Part of the responsibility for that statistic falls on the president, who has been slower with judicial nominations than either of his two predecessors — neither of whom, of course, had two Supreme Court vacancies to contend with during his first two years in office. (There were no Supreme Court vacancies during President George W. Bush’s entire first term.) The 47 nominations now pending represent fewer than half the existing vacancies. Only last month did the president make a nomination to fill one of two empty seats on the United States Court of Appeals for the District of Columbia Circuit, arguably the second most important federal court in the country. The Sept. 29 nomination of Caitlin J. Halligan, former solicitor general of New York State, came, amazingly enough, on the fifth anniversary of the vacancy that was created when the seat’s former occupant, John Roberts, received his promotion.

Part of the responsibility also no doubt falls on the Senate’s Democratic leadership, which has not made judicial confirmations a top priority. But given the Republicans’ ever-present threat of filibusters and their use of mysterious “holds” on nominees, it’s hard to blame the Democrats. After all, unlike the Republicans, the Democrats have had an affirmative legislative agenda to attend to.

So there’s no doubt that the Senate Republicans deserve the lion’s share of the blame for refusing to permit even uncontroversial judicial nominees to get a floor vote. The Senate ended its pre-election session last month leaving 23 nominees hanging, including 16 who had had hearings and received unanimous favorable votes in the Judiciary Committee. In other words, sheer obstructionism, rather than legitimate disputes over judicial philosophy, is the source of the problem, and here is where Chief Justice Roberts comes in — or can, if he cares to.

Unlike the president’s State of the Union message, which is required by Article II, Section 3 of the Constitution, the annual report on the state of the judiciary is a modern tradition. It was begun just 40 years ago by Chief Justice Warren E. Burger and carried on with enthusiasm by Chief Justice Rehnquist, who often used it for significant pronouncements on judicial policy.

Chief Justice Roberts has had a rather problematic relationship to the tradition during his five years in office. The focus of his first report, on Dec. 31, 2005, was judicial pay. Noting that federal judges’ earning power had eroded by 24 percent since 1969, he said that Congress’s failure to raise judicial salaries presented a “direct threat to judicial independence.” While in my view he was completely right on the merits of the issue, some members of Congress resented what they viewed as hyperbole from the new chief justice, and the public responded with a shrug. The much-deserved pay raise has yet to happen.

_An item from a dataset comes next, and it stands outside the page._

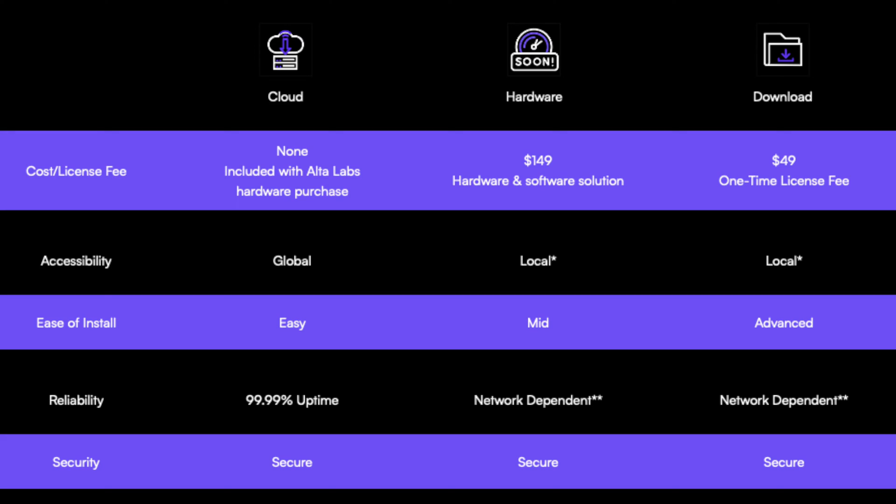That software is now publicly available to anyone. However, if you do plan on using this software, you do need to pay a one-time license fee of $49. We don't know if this is a lifetime license fee or if they plan on increasing the price in the future, but right now at the time of filming, it's just a one-time fee.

Then last year, Chief Justice Roberts went minimalist, so much so that it left many people scratching their heads. Here was his report, in full, minus the statistical appendix:

Chief Justice Warren Burger began the tradition of a yearly report on the federal judiciary in 1970, in remarks he presented to the American Bar Association. He instituted that practice to discuss the problems that federal courts face in administering justice. In the past few years, I have adhered to the tradition that Chief Justice Burger initiated and have provided my perspective on the most critical needs of the judiciary. Many of those needs remain to be addressed. This year, however, when the political branches are faced with so many difficult issues, and when so many of our fellow citizens have been touched by hardship, the public might welcome a year-end report limited to what is essential: The courts are operating soundly, and the nation’s dedicated federal judges are conscientiously discharging their duties. I am privileged and honored to be in a position to thank the judges and court staff throughout the land for their devoted service to the cause of justice.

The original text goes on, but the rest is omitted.